Menu
AWS Glue
Developer Guide

Writing Custom Classifiers

You can use grok patterns to classify your data in AWS Glue. A crawler calls a custom classifier using a grok pattern. If the classifier recognizes the data, it returns the classification and schema of the data to the crawler. You might need to define a custom classifier if your data doesn't match any built-in classifiers, or if you want to customize the tables that are created by the crawler.

For more information about creating a classifier using the AWS Glue console, see Working with Classifiers on the AWS Glue Console.

AWS Glue runs custom classifiers before built-in classifiers, in the order you specify. When a crawler finds a classifier that matches the data, the classification string and schema are used in the definition of tables that are written to your AWS Glue Data Catalog.

Grok is a tool that is used to parse textual data given a matching pattern. A grok pattern is a named set of regular expressions (regex) that are used to match data one line at a time. AWS Glue uses grok patterns to infer the schema of your data. When a grok pattern matches your data, AWS Glue uses the pattern to determine the structure of your data and map it into fields.

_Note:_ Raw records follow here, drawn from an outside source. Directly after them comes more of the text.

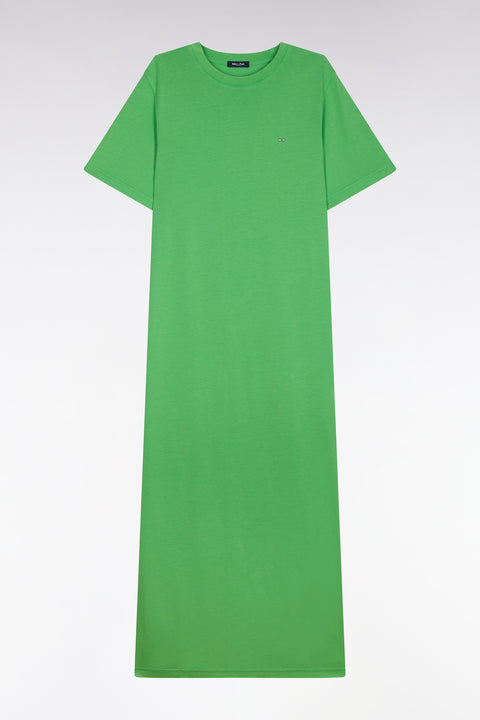 Robe T-shirt en lyocell et coton vert coupe droite - Image 2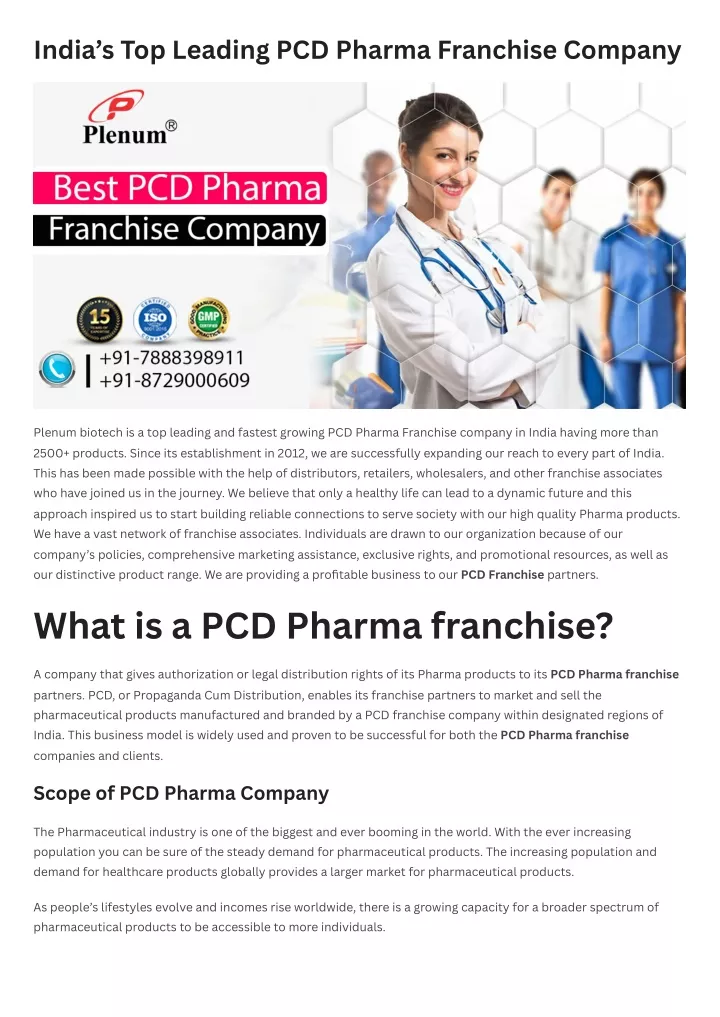 india s top leading pcd pharma franchise company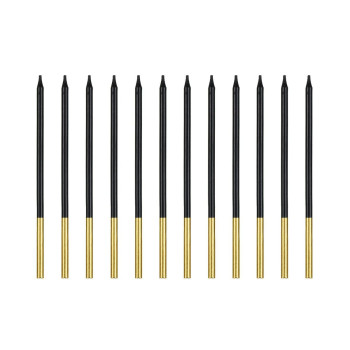 12 bougies Noire/Or 14 cm - PartyDeco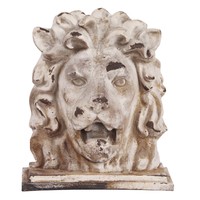 World Menagerie Beige Stone Lion Head Sculpture on sale World Menagerie Beige Stone Lion Head Sculpture on sale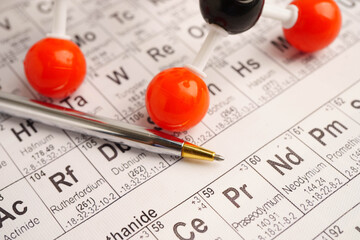 Molecules chemical on a periodic table background. © Pakawadee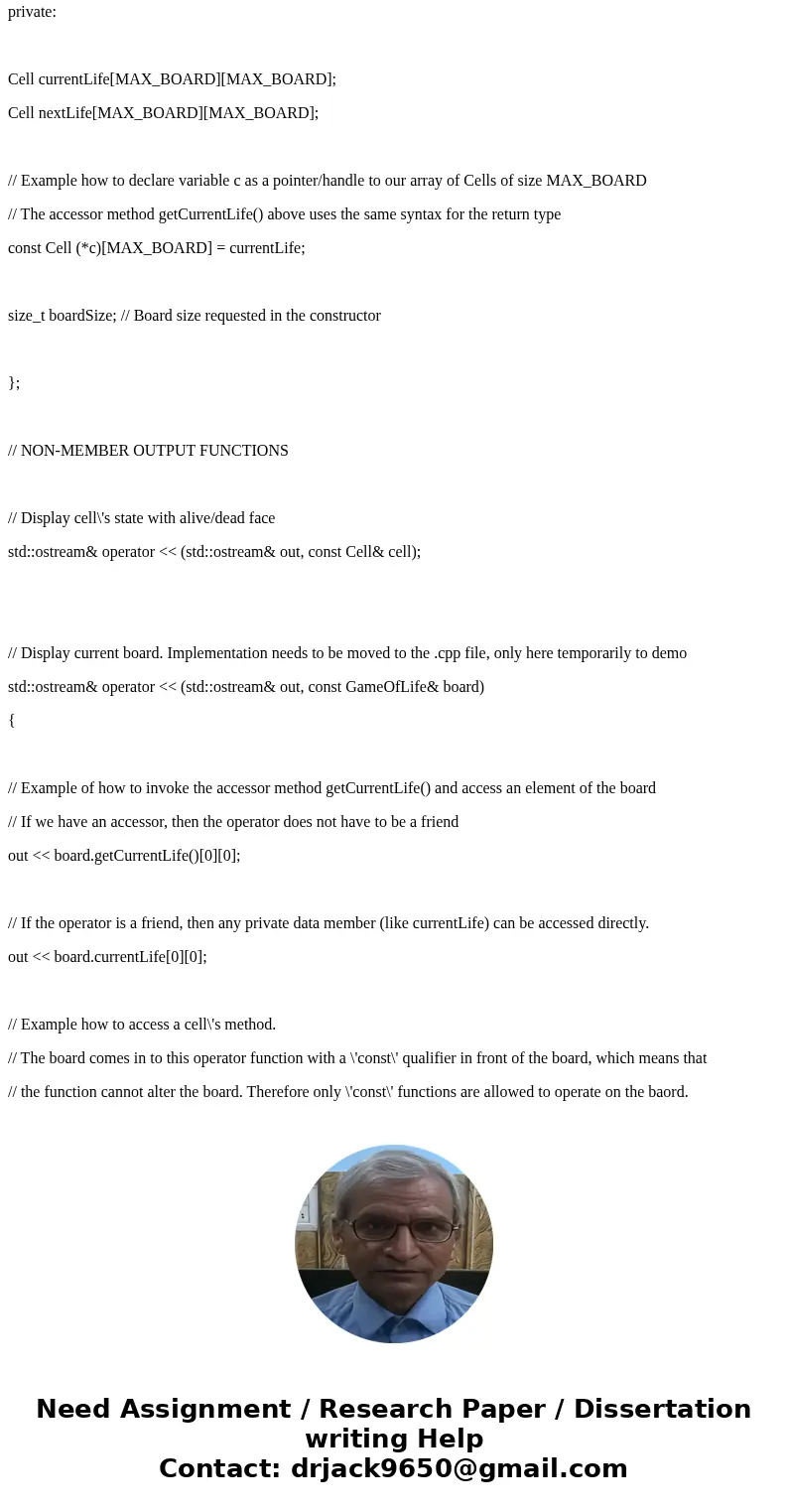 Programming Assignment 1: Game of Life The objective of this programming assignment is to design and implement what is known as the “Game of Life”, conceptualiz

AWS Glue provides many built-in patterns, or you can define your own. You can create a grok pattern using built-in patterns and custom patterns in your custom classifier definition. You can tailor a grok pattern to classify custom text file formats.

The following is the basic syntax for the components of a grok pattern:

Copy
%{PATTERN:field-name}

Data that matches the named PATTERN is mapped to the field-name column in the schema, with a default data type of string. Optionally, the data type for the field can be cast to byte, boolean, double, short, int, long, or float in the resulting schema.

Copy
%{PATTERN:field-name:data-type}

For example, to cast a num field to an int data type, you can use this pattern:

Copy
%{NUMBER:num:int}

Patterns can be composed of other patterns. For example, you can have a pattern for a SYSLOG time stamp that is defined by patterns for month, day of the month, and time.

Copy
SYSLOGTIMESTAMP %{MONTH}+%{MONTHDAY}%{TIME}

Note

Grok patterns can process only one line at a time. Multiple-line patterns are not supported. Also, line breaks within a pattern are not supported.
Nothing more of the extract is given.